As an example, Cruden installed a driver simulator merged with a dSPACE HIL set-up at the Ostfalia University of Applied Sciences in Germany, where students can integrate hardware into the driving simulator.
HIL set-ups, for testing sensors, controllers and actuators for example, often rely on synthetic or pre-recorded input signals that lack the typical closed loop behaviour of a human driver.
DIL simulators on the other hand include that interactive driver but may have imprecise models of the actual hardware, because specific components are either too complex to simulate in full detail or controllers have many unknowns, coming as black boxes from suppliers.
Cruden’s approach is to combine its Panthera simulator software with hardware interfacing capabilities of dSPACE hard real-time (HRT) systems and the open and real-time-capable dSPACE ASM (Automotive Simulation Models) simulation tool suite.
The Panthera ePhyse HRT toolbox includes a Simulink block set optimised for use on the dSPACE system.

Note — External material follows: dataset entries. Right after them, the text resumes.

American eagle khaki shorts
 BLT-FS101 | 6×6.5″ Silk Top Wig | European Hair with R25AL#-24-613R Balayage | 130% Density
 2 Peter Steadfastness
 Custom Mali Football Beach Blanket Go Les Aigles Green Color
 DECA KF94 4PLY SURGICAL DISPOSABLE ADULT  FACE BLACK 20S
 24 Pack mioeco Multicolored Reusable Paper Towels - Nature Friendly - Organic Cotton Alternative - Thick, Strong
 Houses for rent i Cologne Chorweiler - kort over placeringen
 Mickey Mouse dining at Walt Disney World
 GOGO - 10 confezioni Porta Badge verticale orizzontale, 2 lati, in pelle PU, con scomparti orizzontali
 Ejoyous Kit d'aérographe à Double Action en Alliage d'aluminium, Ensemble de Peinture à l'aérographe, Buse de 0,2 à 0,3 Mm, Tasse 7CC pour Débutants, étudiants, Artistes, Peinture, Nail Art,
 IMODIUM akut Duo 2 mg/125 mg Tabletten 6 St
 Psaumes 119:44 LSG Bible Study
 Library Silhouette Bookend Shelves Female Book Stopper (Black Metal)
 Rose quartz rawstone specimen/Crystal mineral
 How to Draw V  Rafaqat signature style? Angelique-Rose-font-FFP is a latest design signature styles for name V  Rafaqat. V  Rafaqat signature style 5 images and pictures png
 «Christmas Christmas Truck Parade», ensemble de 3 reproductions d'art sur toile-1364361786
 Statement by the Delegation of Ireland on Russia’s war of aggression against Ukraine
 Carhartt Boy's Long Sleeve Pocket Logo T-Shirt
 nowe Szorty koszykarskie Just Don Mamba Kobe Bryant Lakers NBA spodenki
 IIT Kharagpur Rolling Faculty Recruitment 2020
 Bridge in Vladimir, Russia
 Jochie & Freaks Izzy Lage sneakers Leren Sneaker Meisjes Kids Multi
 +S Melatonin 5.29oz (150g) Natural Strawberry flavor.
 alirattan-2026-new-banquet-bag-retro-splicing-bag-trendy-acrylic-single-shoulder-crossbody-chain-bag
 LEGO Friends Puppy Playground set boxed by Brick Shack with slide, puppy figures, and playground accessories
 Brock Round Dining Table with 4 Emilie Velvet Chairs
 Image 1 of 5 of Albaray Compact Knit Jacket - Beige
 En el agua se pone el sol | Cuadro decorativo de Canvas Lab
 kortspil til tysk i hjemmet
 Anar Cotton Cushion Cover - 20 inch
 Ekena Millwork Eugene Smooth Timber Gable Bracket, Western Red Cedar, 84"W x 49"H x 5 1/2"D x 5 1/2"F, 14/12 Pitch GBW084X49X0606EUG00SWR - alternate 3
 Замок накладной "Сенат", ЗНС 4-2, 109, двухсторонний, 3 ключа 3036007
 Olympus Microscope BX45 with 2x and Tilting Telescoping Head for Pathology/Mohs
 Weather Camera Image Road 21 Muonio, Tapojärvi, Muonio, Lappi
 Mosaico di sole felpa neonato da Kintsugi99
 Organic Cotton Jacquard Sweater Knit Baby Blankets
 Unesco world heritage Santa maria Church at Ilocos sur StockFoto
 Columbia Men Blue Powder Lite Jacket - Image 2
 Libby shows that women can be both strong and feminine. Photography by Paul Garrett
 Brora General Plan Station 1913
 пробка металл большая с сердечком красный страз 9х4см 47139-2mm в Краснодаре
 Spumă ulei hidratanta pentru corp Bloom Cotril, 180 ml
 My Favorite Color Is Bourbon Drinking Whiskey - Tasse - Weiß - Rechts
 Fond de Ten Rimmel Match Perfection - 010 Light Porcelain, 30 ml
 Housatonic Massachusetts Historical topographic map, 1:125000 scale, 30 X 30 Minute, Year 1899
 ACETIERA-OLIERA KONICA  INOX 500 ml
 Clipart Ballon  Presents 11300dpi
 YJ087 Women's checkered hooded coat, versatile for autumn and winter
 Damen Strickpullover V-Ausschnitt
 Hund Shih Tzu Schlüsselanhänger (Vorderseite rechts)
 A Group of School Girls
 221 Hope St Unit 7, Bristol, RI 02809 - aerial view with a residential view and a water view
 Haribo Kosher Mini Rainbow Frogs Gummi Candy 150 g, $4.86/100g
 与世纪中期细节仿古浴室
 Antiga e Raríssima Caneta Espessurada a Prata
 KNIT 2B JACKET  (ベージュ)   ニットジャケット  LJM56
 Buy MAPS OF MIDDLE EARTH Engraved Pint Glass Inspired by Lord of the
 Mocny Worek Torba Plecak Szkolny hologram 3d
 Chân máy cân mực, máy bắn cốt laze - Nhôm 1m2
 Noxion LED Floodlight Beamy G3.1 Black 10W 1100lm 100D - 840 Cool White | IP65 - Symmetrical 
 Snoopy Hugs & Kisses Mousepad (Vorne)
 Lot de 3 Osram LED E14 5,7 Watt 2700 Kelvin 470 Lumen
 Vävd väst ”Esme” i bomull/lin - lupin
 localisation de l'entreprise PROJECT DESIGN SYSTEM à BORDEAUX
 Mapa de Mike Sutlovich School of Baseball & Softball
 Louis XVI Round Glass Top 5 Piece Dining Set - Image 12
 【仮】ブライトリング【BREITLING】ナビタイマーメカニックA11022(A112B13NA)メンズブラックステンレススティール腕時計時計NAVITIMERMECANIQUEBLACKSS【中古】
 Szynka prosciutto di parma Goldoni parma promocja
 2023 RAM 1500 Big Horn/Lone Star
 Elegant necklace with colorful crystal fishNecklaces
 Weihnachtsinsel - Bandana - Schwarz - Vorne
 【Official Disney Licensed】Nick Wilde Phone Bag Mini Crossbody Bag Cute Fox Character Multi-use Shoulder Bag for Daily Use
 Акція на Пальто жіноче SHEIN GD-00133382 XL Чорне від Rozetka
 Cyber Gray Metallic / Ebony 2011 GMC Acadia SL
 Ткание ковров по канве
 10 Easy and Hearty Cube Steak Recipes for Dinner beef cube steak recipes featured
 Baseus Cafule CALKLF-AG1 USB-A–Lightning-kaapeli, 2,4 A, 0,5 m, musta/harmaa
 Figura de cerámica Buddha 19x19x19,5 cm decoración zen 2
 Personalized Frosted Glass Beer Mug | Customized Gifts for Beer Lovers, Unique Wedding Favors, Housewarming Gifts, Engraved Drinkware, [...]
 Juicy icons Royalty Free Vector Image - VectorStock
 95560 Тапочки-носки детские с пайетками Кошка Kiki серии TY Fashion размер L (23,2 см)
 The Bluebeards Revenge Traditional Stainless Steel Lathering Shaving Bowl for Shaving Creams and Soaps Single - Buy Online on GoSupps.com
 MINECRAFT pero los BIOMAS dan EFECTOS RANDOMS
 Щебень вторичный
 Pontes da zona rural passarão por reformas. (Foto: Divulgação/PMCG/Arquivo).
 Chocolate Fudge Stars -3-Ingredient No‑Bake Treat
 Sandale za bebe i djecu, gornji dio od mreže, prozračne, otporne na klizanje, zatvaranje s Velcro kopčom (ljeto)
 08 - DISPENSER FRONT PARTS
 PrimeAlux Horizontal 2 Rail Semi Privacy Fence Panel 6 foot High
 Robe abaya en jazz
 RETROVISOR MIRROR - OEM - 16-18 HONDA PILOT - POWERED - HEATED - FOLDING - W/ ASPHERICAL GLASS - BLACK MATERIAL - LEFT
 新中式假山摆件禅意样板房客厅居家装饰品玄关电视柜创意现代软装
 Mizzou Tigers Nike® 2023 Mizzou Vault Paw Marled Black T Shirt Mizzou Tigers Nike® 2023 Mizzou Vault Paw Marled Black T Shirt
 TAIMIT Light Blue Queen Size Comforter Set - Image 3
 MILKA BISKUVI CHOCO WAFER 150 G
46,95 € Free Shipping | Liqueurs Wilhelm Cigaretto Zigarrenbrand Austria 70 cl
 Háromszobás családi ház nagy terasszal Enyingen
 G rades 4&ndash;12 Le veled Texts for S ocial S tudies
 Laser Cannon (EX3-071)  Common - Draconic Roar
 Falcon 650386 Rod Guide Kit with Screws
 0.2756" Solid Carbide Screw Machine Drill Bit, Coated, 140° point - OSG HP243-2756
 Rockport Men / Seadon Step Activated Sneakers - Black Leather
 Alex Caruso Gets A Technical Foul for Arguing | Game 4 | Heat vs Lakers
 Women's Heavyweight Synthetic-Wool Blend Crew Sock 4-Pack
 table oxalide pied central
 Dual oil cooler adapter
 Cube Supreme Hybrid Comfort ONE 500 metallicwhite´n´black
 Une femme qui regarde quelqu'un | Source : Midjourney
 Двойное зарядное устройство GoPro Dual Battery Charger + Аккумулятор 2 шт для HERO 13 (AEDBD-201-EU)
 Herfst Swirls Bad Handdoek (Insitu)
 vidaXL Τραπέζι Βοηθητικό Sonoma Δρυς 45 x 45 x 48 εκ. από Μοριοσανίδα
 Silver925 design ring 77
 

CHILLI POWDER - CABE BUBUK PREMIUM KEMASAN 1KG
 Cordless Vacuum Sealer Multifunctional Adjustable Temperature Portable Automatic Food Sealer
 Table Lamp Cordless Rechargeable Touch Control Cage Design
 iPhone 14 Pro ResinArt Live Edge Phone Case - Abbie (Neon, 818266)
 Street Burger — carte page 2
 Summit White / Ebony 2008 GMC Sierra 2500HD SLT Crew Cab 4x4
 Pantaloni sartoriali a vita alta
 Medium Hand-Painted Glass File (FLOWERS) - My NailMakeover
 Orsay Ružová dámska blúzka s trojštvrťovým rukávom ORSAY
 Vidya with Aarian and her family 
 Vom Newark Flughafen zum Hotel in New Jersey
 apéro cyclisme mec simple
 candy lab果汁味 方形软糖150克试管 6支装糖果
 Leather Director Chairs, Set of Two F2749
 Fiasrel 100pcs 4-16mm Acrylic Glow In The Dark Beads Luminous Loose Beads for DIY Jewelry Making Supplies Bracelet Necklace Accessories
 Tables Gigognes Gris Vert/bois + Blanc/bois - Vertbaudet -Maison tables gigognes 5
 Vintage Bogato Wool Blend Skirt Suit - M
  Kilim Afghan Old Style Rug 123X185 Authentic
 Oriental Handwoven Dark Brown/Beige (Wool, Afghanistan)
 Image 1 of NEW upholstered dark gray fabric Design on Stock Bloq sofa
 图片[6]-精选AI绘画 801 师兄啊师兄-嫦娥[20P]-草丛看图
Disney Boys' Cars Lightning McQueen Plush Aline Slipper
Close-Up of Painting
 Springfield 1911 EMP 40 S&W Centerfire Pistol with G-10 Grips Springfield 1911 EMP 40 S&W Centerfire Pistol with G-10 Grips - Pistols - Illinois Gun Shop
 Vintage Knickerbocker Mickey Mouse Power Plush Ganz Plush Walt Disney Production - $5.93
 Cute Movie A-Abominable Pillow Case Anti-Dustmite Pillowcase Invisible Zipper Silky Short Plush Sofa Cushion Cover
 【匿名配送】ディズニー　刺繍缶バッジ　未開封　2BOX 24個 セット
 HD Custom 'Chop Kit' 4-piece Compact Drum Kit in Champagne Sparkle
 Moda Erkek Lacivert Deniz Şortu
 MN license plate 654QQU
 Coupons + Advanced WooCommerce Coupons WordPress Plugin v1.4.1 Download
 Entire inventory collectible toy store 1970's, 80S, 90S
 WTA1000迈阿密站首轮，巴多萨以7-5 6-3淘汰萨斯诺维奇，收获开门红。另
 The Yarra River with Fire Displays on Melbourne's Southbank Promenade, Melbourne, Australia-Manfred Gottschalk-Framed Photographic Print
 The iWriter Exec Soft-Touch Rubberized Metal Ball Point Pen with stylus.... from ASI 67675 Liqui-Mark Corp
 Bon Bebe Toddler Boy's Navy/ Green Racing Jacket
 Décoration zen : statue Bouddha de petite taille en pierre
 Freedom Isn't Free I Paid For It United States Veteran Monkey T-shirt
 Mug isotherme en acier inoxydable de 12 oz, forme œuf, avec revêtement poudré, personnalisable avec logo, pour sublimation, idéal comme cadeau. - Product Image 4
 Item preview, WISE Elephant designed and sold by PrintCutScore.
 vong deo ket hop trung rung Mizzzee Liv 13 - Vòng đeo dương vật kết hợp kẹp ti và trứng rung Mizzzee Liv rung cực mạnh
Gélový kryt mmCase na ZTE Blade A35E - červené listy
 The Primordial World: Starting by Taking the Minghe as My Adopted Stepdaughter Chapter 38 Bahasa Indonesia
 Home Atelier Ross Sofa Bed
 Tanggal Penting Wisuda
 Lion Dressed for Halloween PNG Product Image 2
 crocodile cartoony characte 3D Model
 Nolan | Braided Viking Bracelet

It is an integrated solution to set-up IO between the dSPACE platform and the simulator environment.
Martijn de Mooij, technical development manager at Cruden, writes:
“We have worked hard on the usability of this system. We haven’t proverbially duct-taped the motion system to the dSPACE box, we have ensured seamless integration throughout the entire system. Before, companies would have to buy a simulator and then buy an off- the-shelf dSPACE system and integrate the two themselves. We’ve done all that hard work for them, to provide a complete functional set-up that works out straight of the box.”
The only hardware change required is the replacement of the conventional Windows-based computer (which sends output to the motion, audio and visual systems) in the soft real-time (SRT) set-up with a dSPACE system.
The package is also able to integrate peripheral hardware, such as instruments or other HMI equipment, over standard available interfaces like CAN.